If a certain piece of image data is found as a result of the
search, the system controller 10 performs a process of playing back
and displaying this piece of image data on the display section
2.
[0157] Next, an exemplary structure of the imaging/display
apparatus 1 illustrated in FIG. 5 will now be described below. Note
that, in FIG. 5, components that have their counterparts in FIG. 4
are assigned the same reference numerals as those of their
counterparts in FIG. 4, and descriptions thereof will be omitted.
The structure of FIG. 5 is the same as the structure of FIG. 4
except that a communication section 26 is included in place of the
storage section 25.
[0158] The communication section 26 transmits and receives data to
and from the external device. The external device refers to a
device corresponding to the storage device 70 illustrated in FIG.

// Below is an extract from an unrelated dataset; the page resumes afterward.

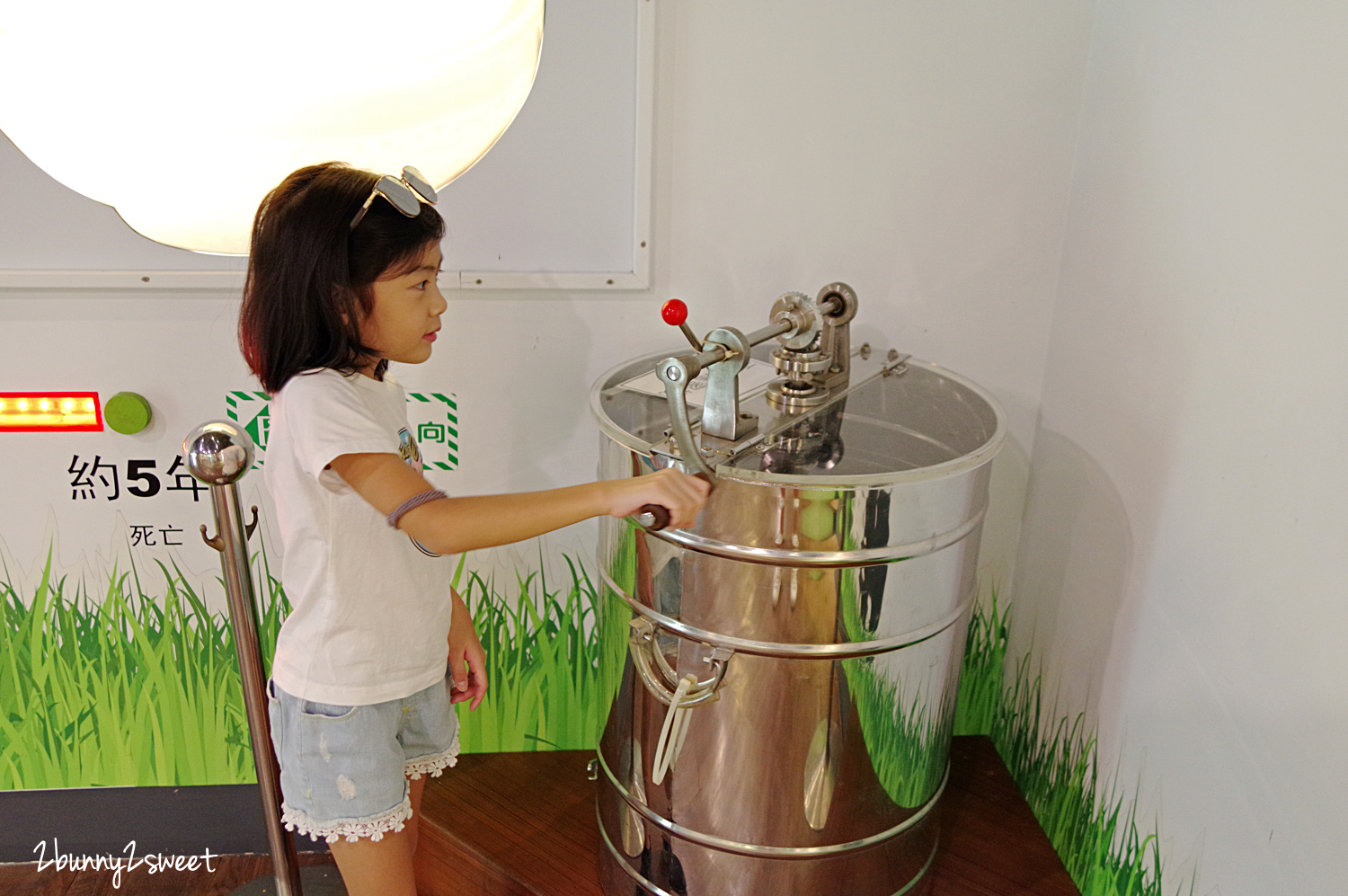 宜蘭親子景點》養蜂人家蜂采館~免費蜜蜂生態文化館,有小火車、大草皮遊戲區,還有美味蜂巢霜淇淋|員山室內景點 @兔兒毛毛姊妹花 宜蘭親子景點》養蜂人家蜂采館~免費蜜蜂生態文化館,有小火車、大草皮遊戲區,還有美味蜂巢霜淇淋|員山室內景點 @兔兒毛毛姊妹花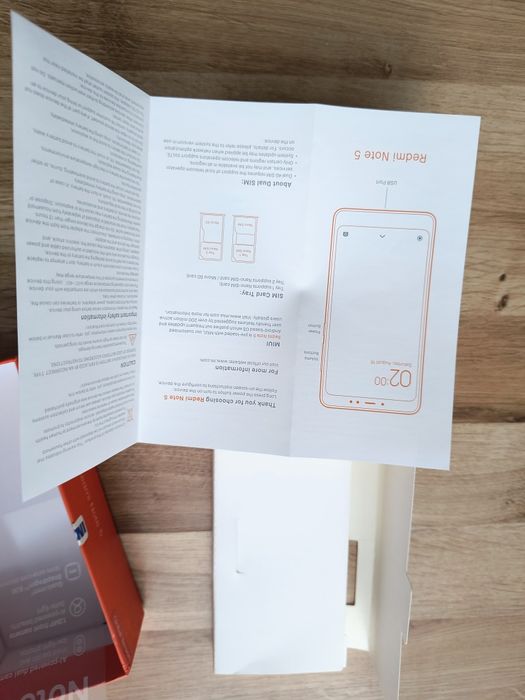 Oryginalne opakowanie po telefonie Xiaomi Redmi note 5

3B or the server apparatus 71 illustrated in FIG. 3C, and various
electronic devices, such as a computer device, the PDA, the mobile
phone, and the video storage device, are conceivable as the
external device. In particular, any device that has a capability to
store the image data transmitted by the imaging/display apparatus 1
via the communication section 26 in a storage medium such as an
HDD, a capability to search for the image data using the search
condition transmitted from the imaging/display apparatus 1, and a
capability to transmit the image data found as a result of a search
to the imaging/display apparatus 1 can function as the external
device.
[0159] The communication section 26 may be configured to perform
network communication via short-range wireless communication for a
network access point, for example, in accordance with a system such
as a wireless LAN, Bluetooth, or the like. Alternatively, the
communication section 26 may perform wireless communication
directly with the external device having a corresponding
communication capability.
[0160] The image data (and the audio data) read from the temporary
storage section 23 is supplied to the communication section 26 via
the image input/output control section 27 (and the audio
input/output control section 28). In addition, the metadata is
supplied from the system controller 10 to the communication section
26.
[0161] Under control of the system controller 10, the communication
section 26 adds the metadata to the supplied image data (and the
supplied audio data), encodes and modulates resultant data for
transmission, and transmits resultant data to the external
device.
[0162] For example, when the storage condition has been satisfied,
as in the case of the structure of FIG. 4 described above, the
system controller 10 performs, as the storage process, a process of
causing the image data to be stored to be transmitted, together
with the metadata, to the external device via the communication
section 26. Upon receipt of the image data and the metadata
transmitted from the communication section 26, the external device
(e.g., the storage device 70 or the server apparatus 71) records
the received image data and metadata on the storage medium.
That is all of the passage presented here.